| What you need to do |
Could you transcribe every record below exactly as written, excluding the pictures?

Short web captions:
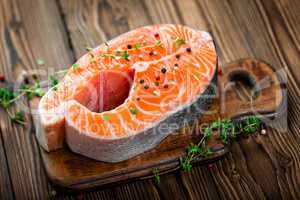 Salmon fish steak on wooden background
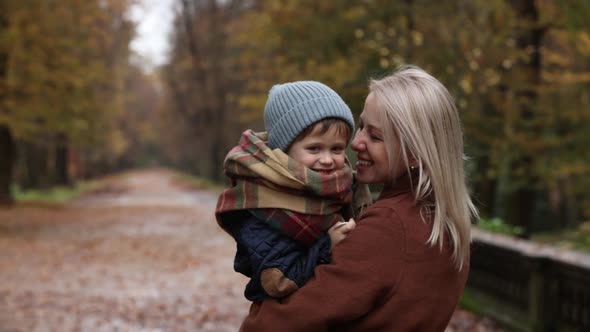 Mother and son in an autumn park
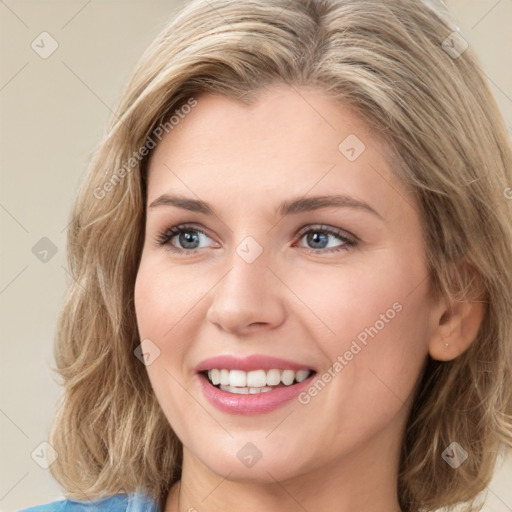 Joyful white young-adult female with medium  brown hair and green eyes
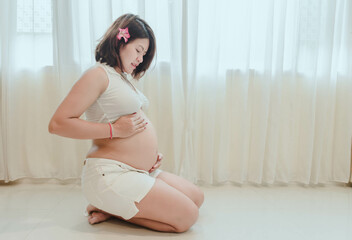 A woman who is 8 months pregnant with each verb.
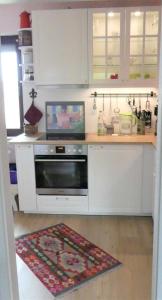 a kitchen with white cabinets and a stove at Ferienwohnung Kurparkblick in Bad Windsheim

| Answer box |
 Salmon fish steak on wooden background
 Mother and son in an autumn park
 Joyful white young-adult female with medium  brown hair and green eyes
 A woman who is 8 months pregnant with each verb.
 a kitchen with white cabinets and a stove at Ferienwohnung Kurparkblick in Bad Windsheim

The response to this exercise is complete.